When governments reflate an economy after a financial crisis, a market crash and a recession, we are supposed to get higher inflation and the values of reflated currencies are supposed to go down. Interest rates are supposed to go up. This is what many economists continue to tell us.

But none of this is happening – we are into the fifth year and still waiting. What’s happening?

I am going to try to provide a different answer to this question since economists don’t seem to be doing too good a job. They don’t seem to want to talk about money getting killed even though it is the missing piece of the puzzle. I don’t know why economists won’t talk about it but since I am not an economist, I am free to tell the story of how the murder of money got us to where we are today.

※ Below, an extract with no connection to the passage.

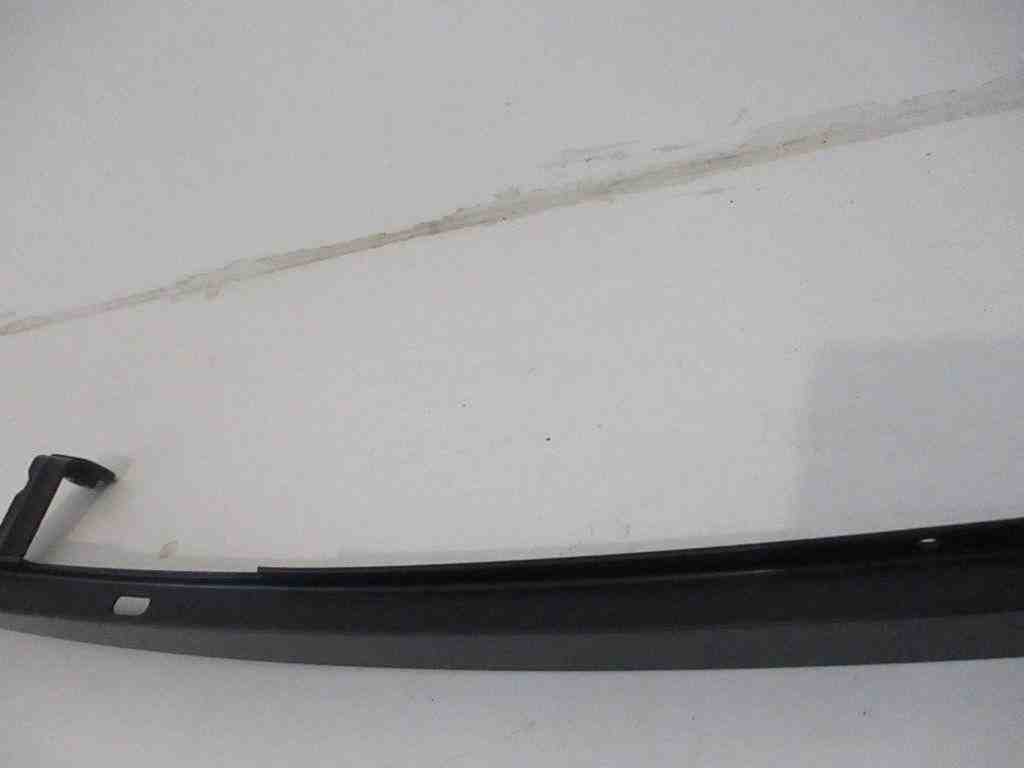 RENAULT Megane 3 generation (2008-2020) Aizmugurējo Durvju Stikla Sliede 822300011R 32467894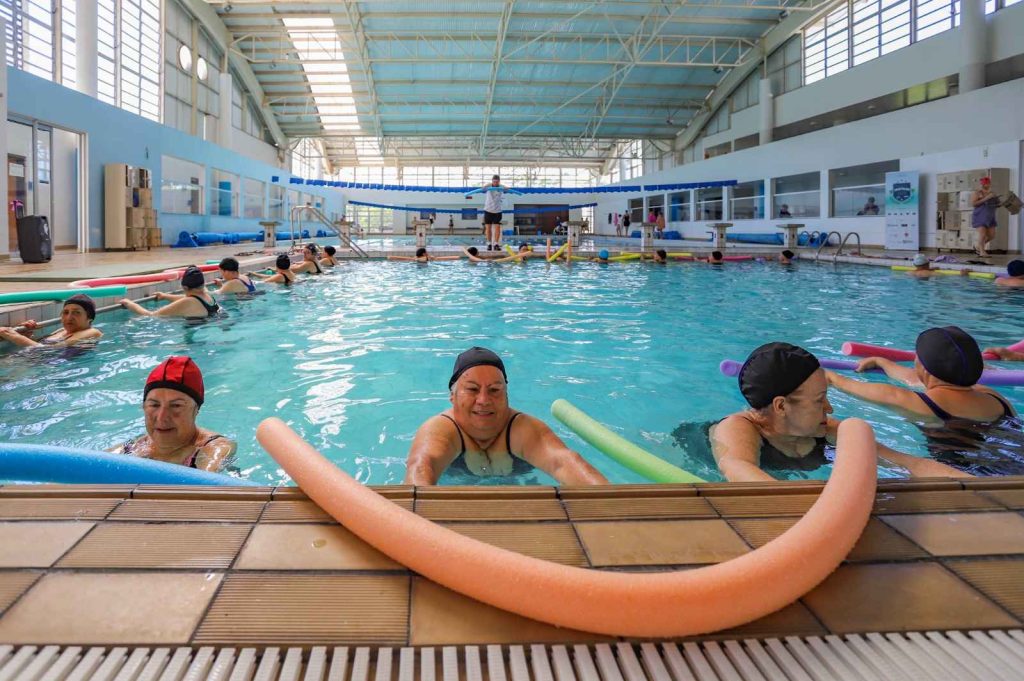 Piscinas aquecidas abrem gratuitamente aos sábados em Curitiba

This is largely an American story. But it is in part a Canadian story because of the size and proximity of  Canada to the US, the fact that the US is our closest trading partner and the fact that the US currency is the world’s reserve currency.

The story starts in the first years of the new millennium. Three gangs who were trying to make money in new ways rode into the economy and murdered a lot of money.  They took an unbelievably large bag of money out behind the barn – amount unknown – shot it, set it ablaze and left it for dead. Five years later, it turns out that these gangs were not just too big to fail, they were also too big to jail. There seems to be no law protecting an economy from ‘moneycide’.

The way they did this is a matter of public record. The first gang sold mortgages to people they knew would not be able to pay them. The second created their own securities bundling these bad mortgages into something called collateralized debt obligations (CDO’s or funny money) and sold them for real money. A third gang insured this money through something called credit default swaps and tried to set fire to the CDO’s since that’s the only way they could collect on their insurance.

To make a long story short, when the whole thing blew up in 2008-09 causing what I call the ‘Great Vaporization’, there was a whole lot less money around. Why? Because no one would any longer use real money to buy funny money once they realized it was funny money, insurance policies wouldn’t pay off when arson was suspected and you can’t use a house as collateral to pay off a debt if the house is worth less than the money owed on it.

With that, there was no longer enough real money in town to run the economy. So the usual things happened: liquidity dried up, unemployment shot up, markets crashed, and GDP plummeted.

The US Federal Reserve reacted by doing the usual things one step at a time. First they moved interest rates to near zero but this time that was not enough. Too much money had been murdered (vaporized, set ablaze, or shot).

It was at this point that Federal Reserve detective Ben Bernanke rode into town and quickly discovered that a lot of money had been murdered.  His biggest problem was that no one had done any accounting and he did not know how much had been killed off.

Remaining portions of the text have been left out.